La produzione industriale prende slancio, lieve aumento ad aprile

Pubblicato il 10 giugno 2016 da redazione

industria

ROMA. – L’industria italiana ad aprile sorprende con una crescita dello 0,5% rispetto al mese precedente, superiore alle attese degli analisti, dopo i risultati deboli di febbraio e marzo. Rispetto al 2015 l’aumento raggiunge l’1,8%, nei dati corretti per gli effetti di calendario (mentre i dati grezzi indicano un calo dello 0,3%, dovuto alla differenza nei giorni lavorati).

Il Centro Studi di Confindustria prevede che la crescita della produzione industriale sia continuata – anche se a velocità ridotta – a maggio, con una crescita dello 0,2% sul mese. E’ anche attesa la valutazione di Moody’s Moody’s sul nostro Paese.

Alla luce degli ultimi dati Istat, il senior economist della direzione studi e ricerche di Intesa Sanpaolo Paolo Mameli ritiene che non si possa “escludere un lieve rallentamento congiunturale” del prodotto interno nel secondo trimestre e si attende un aumento del Pil tra lo 0,2 e lo 0,3% rispetto al trimestre precedente.

In questo caso, per centrare l’obiettivo del governo di una crescita dell’1,2% nel 2016, sarebbe necessaria un’accelerazione nel secondo semestre.

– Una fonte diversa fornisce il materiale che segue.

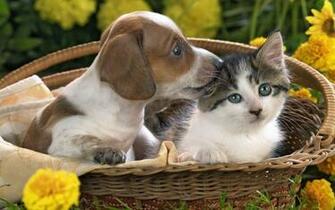 Puppy And Kitten Puppies Uploaded Silvery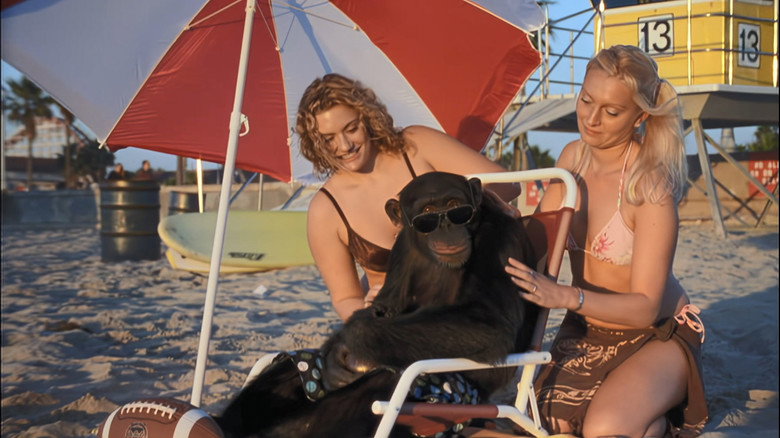 Funky Monkey still 4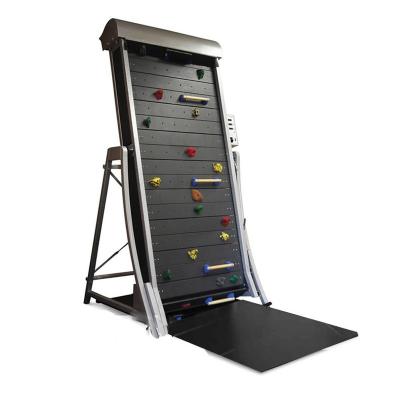 China Hot Sale China OEM Gym Fitness Indoor Rock Climbing Wall 1582*1450*2885mm for sale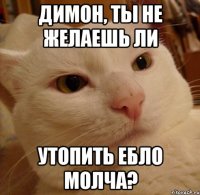 димон, ты не желаешь ли утопить ебло молча?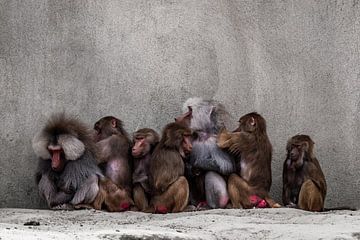 apen familie van snippefotografie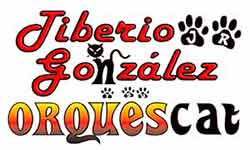 Tiberio Gonzalez orquescat contrataciones e informes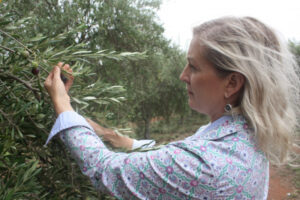 Bumper olive harvest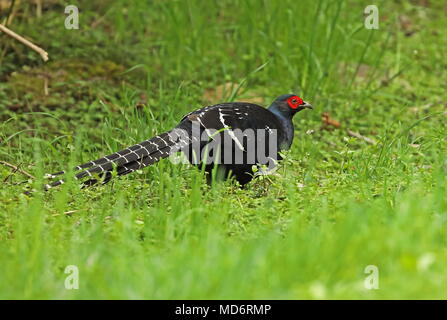 Mikado Fasan (Syrmaticus Mikado) männlichen Erwachsenen stehen auf Gras Yushan Nationalpark, Taiwan April Stockfoto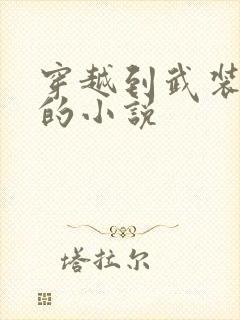 穿越到武装少女的小说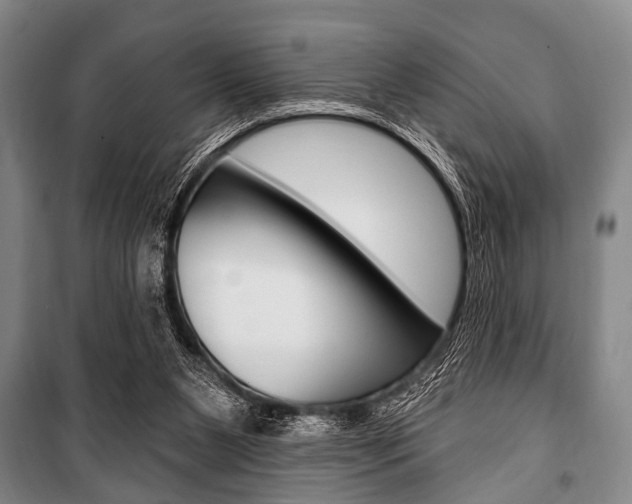 X0000101200111200806270839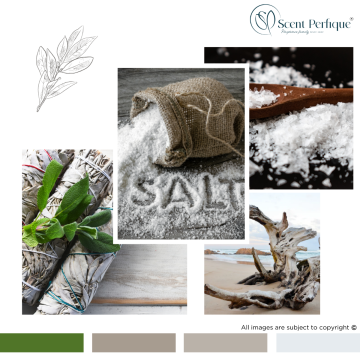 Sea Salt & Wood Sage Fragrance Oil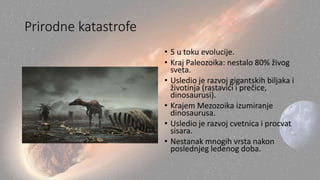 Prirodne katastrofe
• 5 u toku evolucije.
• Kraj Paleozoika: nestalo 80% živog
sveta.
• Usledio je razvoj gigantskih biljaka i
životinja (rastavići i prečice,
dinosaurusi).
• Krajem Mezozoika izumiranje
dinosaurusa.
• Usledio je razvoj cvetnica i procvat
sisara.
• Nestanak mnogih vrsta nakon
poslednjeg ledenog doba.
 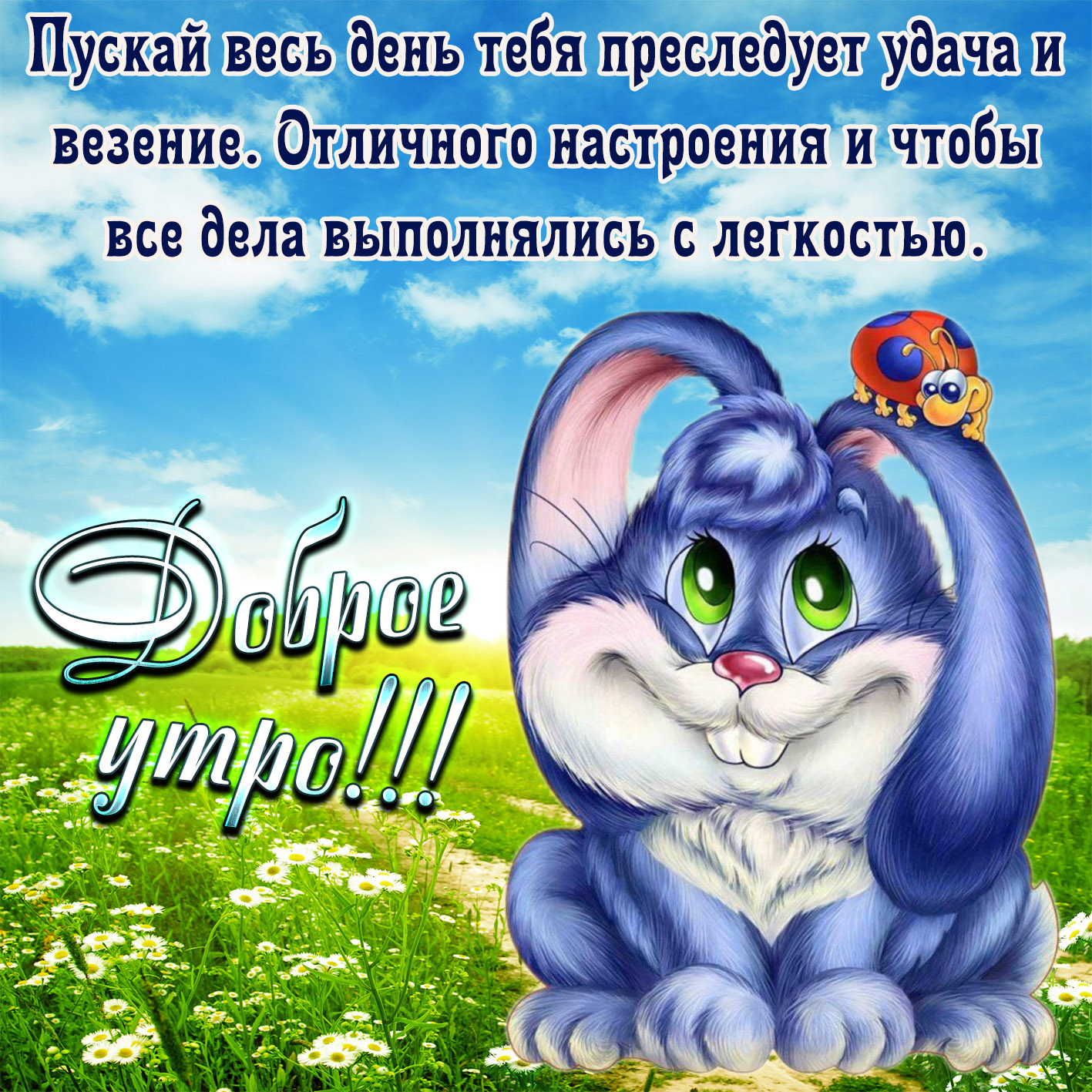 Смешные пожелания доброго утра. Смешные пожелания доброго утра.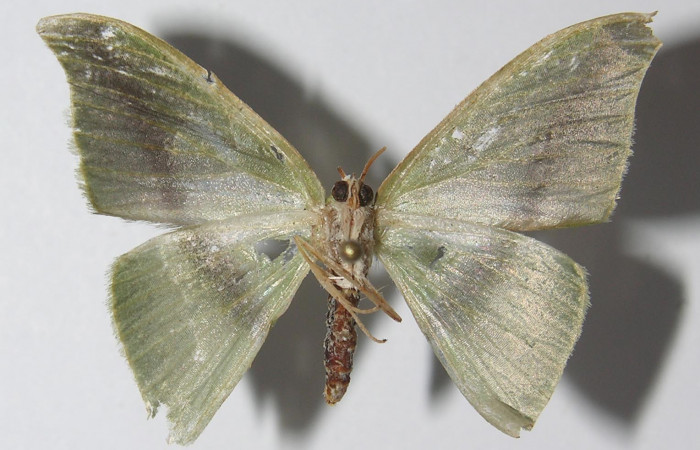 Figura 13. Adulto de <i>Tachyphyle hamata</i></i> (Geometridae), vista ventral, localidad Sendero Laguna, Sector Pitilla ACG (680m). Voucher: 11-SRNP-32541-DHJ557645.jpg.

L’incremento tendenziale della produzione industriale è diffuso a tutti i settori manifatturieri in senso stretto tranne il tessile (-3,3% nell’anno) e vede di nuovo in espansione, dopo la frenata di marzo, la produzione di autoveicoli (+8,8%). Continuano intanto le difficoltà dell’attività estrattiva (-15,7%) e della fornitura di energia (-1,4%) mentre gli aumenti maggiori riguardano le raffinerie e le industrie chimiche.

Tra i raggruppamenti principali di industrie ad aprile, rispetto a marzo, trainano i beni intermedi e quelli di consumo non durevoli, sono in calo energia, beni di consumo durevoli e beni strumentali.

Al risultato positivo sembra contribuire una ripresa della domanda estera, che vede le esportazioni verso i paesi extraeuropei in crescita del 3,9% sul mese nonostante i segnali di difficoltà provenienti dalle economie emergenti a partire dalla Cina.